## ABOUT THIS EXERCISE:
For the entries that follow, tally the lines holding the string "platform". Give the total and nothing else.
*** Begin section ***
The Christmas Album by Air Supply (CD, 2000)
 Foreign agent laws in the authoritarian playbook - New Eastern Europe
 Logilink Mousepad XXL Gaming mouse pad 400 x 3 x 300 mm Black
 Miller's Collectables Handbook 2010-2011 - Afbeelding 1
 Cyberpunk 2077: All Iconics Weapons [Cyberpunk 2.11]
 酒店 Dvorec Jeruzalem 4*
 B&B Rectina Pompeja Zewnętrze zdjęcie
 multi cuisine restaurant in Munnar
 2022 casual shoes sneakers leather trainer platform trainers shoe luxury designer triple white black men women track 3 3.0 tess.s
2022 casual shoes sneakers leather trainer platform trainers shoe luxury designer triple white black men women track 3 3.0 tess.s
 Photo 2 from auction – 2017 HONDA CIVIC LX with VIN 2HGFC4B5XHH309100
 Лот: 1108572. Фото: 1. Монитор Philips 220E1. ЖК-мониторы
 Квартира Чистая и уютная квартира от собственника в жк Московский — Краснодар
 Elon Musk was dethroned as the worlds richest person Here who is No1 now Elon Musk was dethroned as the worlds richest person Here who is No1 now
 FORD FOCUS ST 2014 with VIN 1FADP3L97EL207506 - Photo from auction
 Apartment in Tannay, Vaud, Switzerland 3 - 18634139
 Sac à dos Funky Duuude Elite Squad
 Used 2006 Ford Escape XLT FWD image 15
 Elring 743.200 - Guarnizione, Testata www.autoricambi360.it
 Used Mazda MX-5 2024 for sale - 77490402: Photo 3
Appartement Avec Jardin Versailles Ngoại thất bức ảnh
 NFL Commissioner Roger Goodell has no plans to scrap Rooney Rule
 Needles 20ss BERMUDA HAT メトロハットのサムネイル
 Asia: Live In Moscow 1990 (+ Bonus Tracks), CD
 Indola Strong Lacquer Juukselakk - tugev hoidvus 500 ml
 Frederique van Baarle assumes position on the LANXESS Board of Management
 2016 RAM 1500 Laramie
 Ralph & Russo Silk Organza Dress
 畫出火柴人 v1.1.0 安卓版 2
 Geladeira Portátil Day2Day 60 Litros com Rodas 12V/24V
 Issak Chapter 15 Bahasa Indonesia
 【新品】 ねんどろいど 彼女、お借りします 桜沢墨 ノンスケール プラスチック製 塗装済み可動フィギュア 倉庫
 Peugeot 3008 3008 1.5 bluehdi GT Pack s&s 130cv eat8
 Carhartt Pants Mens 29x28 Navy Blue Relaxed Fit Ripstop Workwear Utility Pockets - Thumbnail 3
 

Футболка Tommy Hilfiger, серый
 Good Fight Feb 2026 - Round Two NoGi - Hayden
*** End section ***
## TASK OUTPUT:
2